The formula continued to work and Armagh survived a late Derry fightback to retain their Ulster crown. Johnny McBride had levelled the game late on with a cracking goal, but the Orchardmen found an extra gear to win by a point.
“Will to win got us over the line at the end of it,” says Hughes.
“I had a job to do as number five and it was the fear of losing that drove me on. I was afraid to lose. I didn’t want my man to score and I wanted to score. I always thought it was better for him to mark me instead of me running everywhere after him, so I tried to get on the ball as much as possible and it worked for me.”
But there were more near-misses at Croke Park. Against Kerry (after a replay) later that year and then in 2001, when Galway ended Armagh’s run in the Qualifiers.
The ‘two Brians’ took their leave after laying the foundations and Joe Kernan replaced them for the momentous 2002 season with Hughes’ former mentor Paul Grimley as his assistant.
“It was great for me when Joe and Paul came in,” he recalls.
“‘Grimo’ was inspirational to me and I was thinking ‘this is just great’.”
Hughes was named Man of the Match when Armagh beat Tyrone in the 2002 Ulster quarter-final but an Achilles tendon injury was cruel luck that ruined his season.
Aidan O’Rourke took over the number five jersey and although Hughes fought his way to fitness the Dromintee clubman maintained his superb form and he couldn’t get his place back. He watched from the bench as the Orchardmen won the Sam Maguire.
“It’s probably one of the memories that I just want to forget about,” he admits.
“The injury set me back a bagful and Aidan played right half-back that day. Once I lost my place it was very hard to get back on the team because everybody knew we were heading for the All-Ireland final.

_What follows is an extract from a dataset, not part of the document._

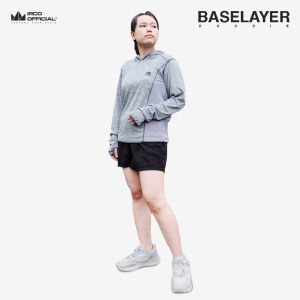 IRCO Baselayer Hoodie Outdoor Lengan Panjang Pria Wanita Dry Fit - Pakaian Olahraga Baju Manset Abu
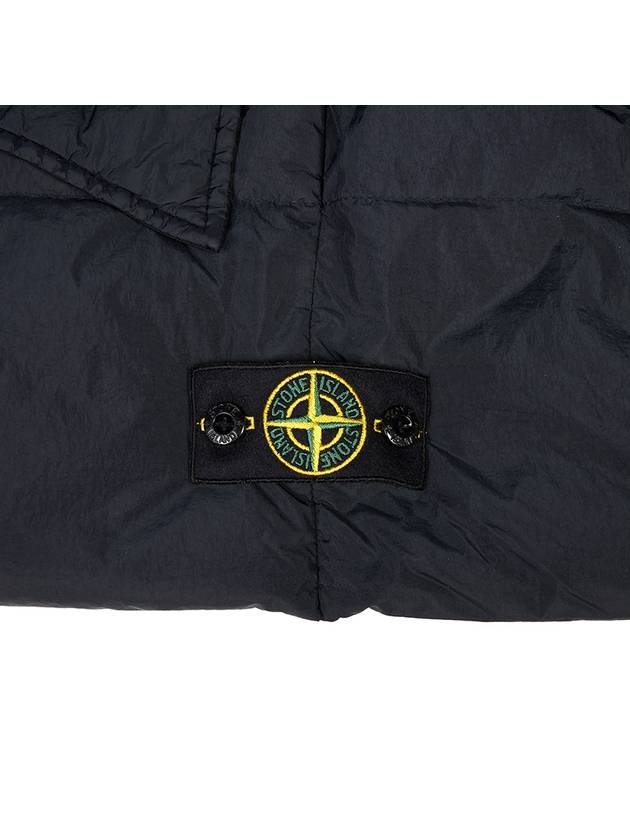 Kids Crinkle Reps Recycled Nylon Down Vest Navy - STONE ISLAND - BALAAN 9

“Nobody wanted to miss it and they all watched themselves because they knew how big it was.
“I was just back from injury and I was able to come on. Unfortunately they didn’t need me that day but I got my All-Ireland medal. Ah well…”
He’d also like to erase losing the 2003 All-Ireland final to Tyrone from his memory. Hughes was thrown into a bruising, physical encounter in which neither side played well and the Red Hands held off their bitter enemies in the end.
He trudged off the field disappointed but regained his started role in 2004, winning a fourth Ulster title and it was a shock when he retired after being named Armagh Player of the Year.
With a young family at home he just didn’t have the time to commit to the cause.
“It was hard,” said Hughes.
“I was coming home from work and my wife would have the gear sitting there ready but I hardly had time to get my dinner. You were away from 7 in the morning and you weren’t getting home until 11 at night. It was just taking its toll on me and I’d rather be fully committed than maybe missing a gym session on a Wednesday night when I knew I should have got it done.”
A wedding meant he only saw “bits and pieces” of the game against Kildare last Saturday when Armagh rekindled memories of those glory days at the turn of the century.
“They were very good and I was delighted,” said Hughes.
“I texted McGeeney after it to congratulate him because he shut-up a lot of critics.
“No matter what, he’s always going to be a friend of mine. McGrane is in with him and John Toal and Paddy McKeever and Armagh can only get better from having those boys on board. There’s no other way about it.
“They’ll tell the boys how to commit properly and they’ll be treated like the Dublins and the Kerrys. If they work hard the boys will get repaid and it’s paying off for them now.”
Before he goes, I ask him if he has any pictures of his Orchard county days.
“I’ll ask my sister,” he says.
Later a page from a scrapbook full of memories arrives on WhatsApp with the message: “The family is sending all this. I can’t remember most of it. Lol”
Maybe not, but there are thousands who do.